- TASK -
The material below holds pictures, which are to be left out; copy exactly the lines from the one with "Apartmani Budimcic Trebinje Buitenkant foto" through the one with "Pánské triko Adidas M - 2".

THE DATA section start

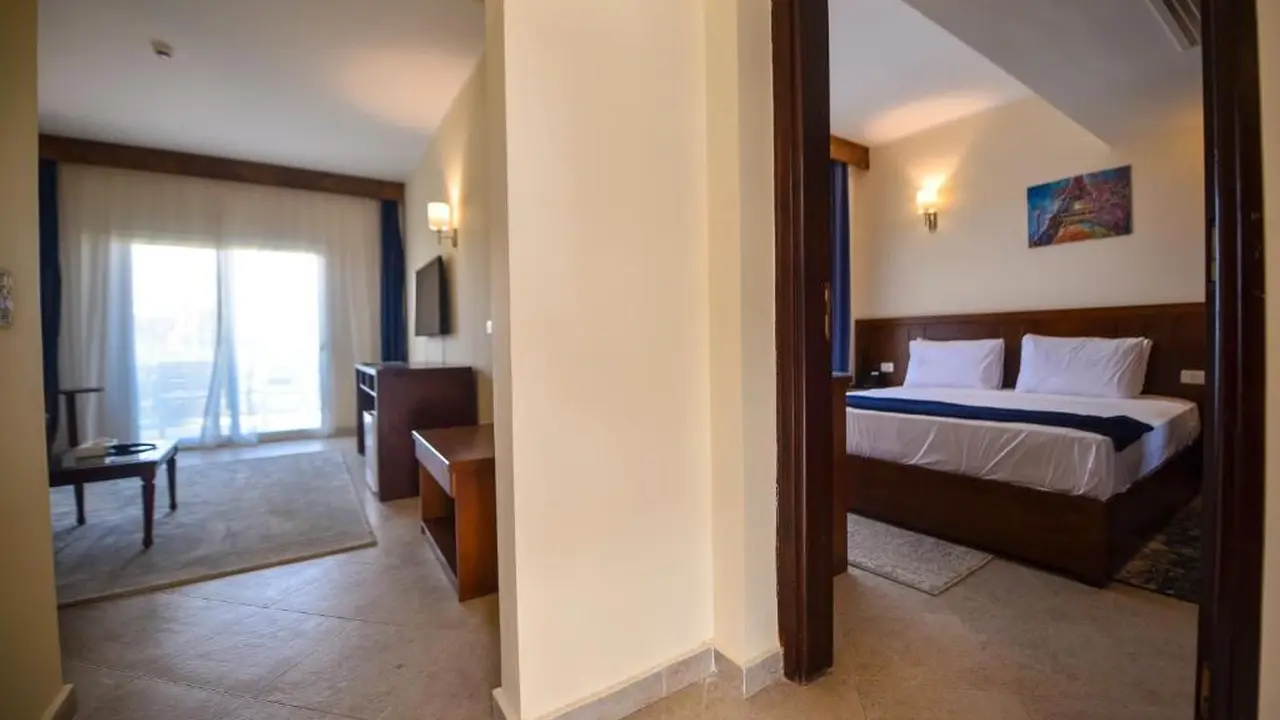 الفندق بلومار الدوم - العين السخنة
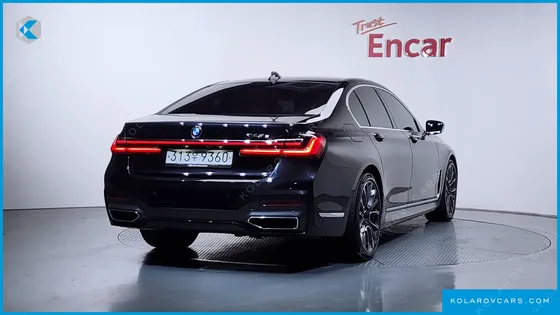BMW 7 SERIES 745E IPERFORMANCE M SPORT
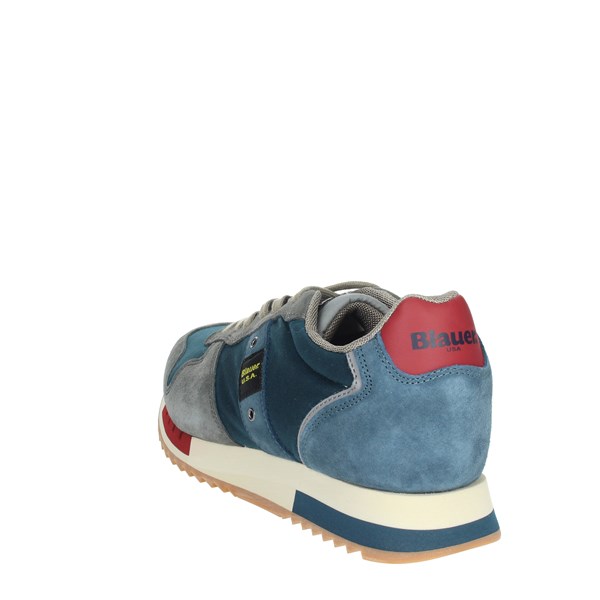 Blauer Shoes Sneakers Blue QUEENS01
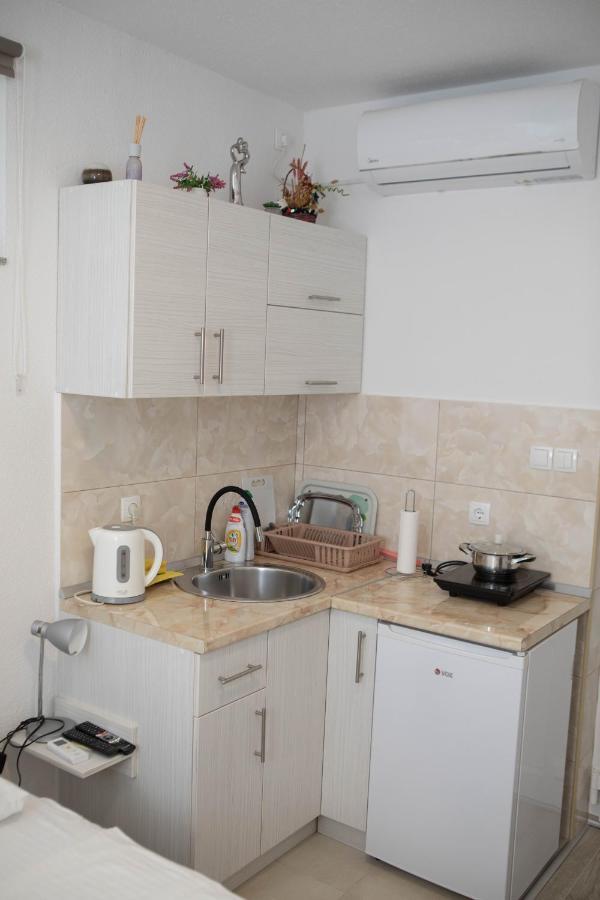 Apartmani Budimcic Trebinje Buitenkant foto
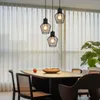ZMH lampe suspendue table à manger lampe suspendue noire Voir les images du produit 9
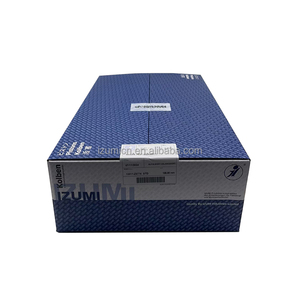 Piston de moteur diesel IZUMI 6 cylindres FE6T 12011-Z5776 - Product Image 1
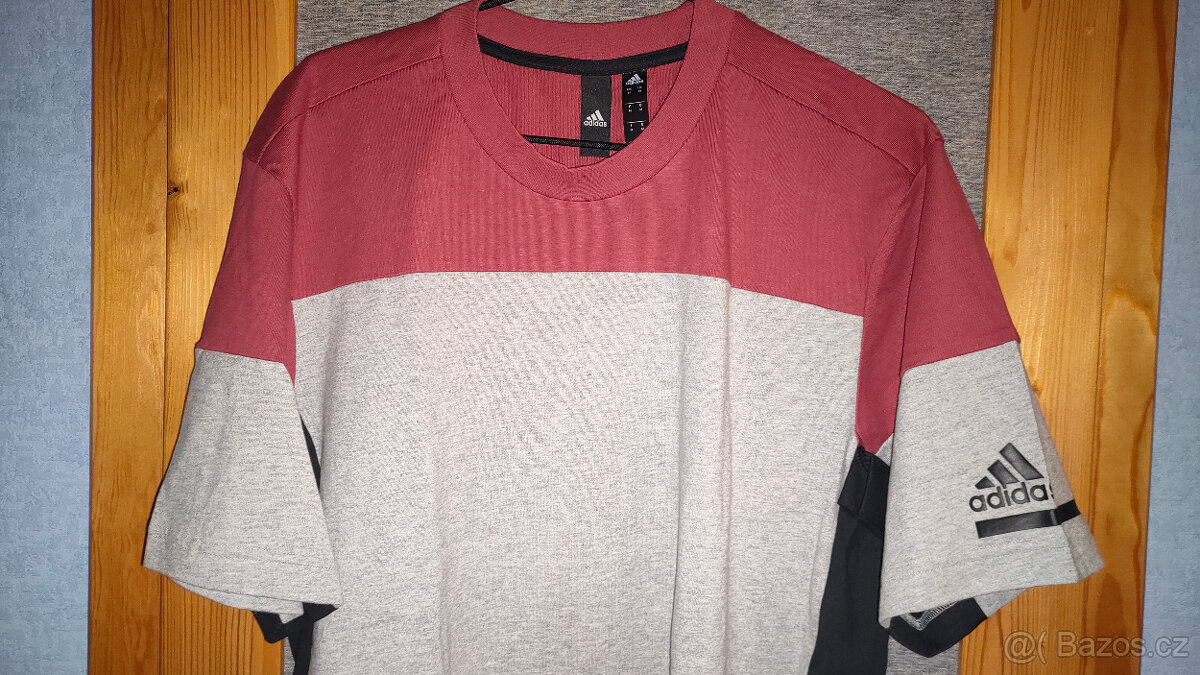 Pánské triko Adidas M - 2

THE DATA section end
THE DATA section start

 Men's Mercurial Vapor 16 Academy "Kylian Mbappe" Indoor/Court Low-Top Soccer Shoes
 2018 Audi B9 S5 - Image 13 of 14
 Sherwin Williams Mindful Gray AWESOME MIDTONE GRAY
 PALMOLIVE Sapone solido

THE DATA section end

- SOLUTION TO THIS TASK -
 Apartmani Budimcic Trebinje Buitenkant foto
ZMH lampe suspendue table à manger lampe suspendue noire Voir les images du produit 9
 Piston de moteur diesel IZUMI 6 cylindres FE6T 12011-Z5776 - Product Image 1
 Pánské triko Adidas M - 2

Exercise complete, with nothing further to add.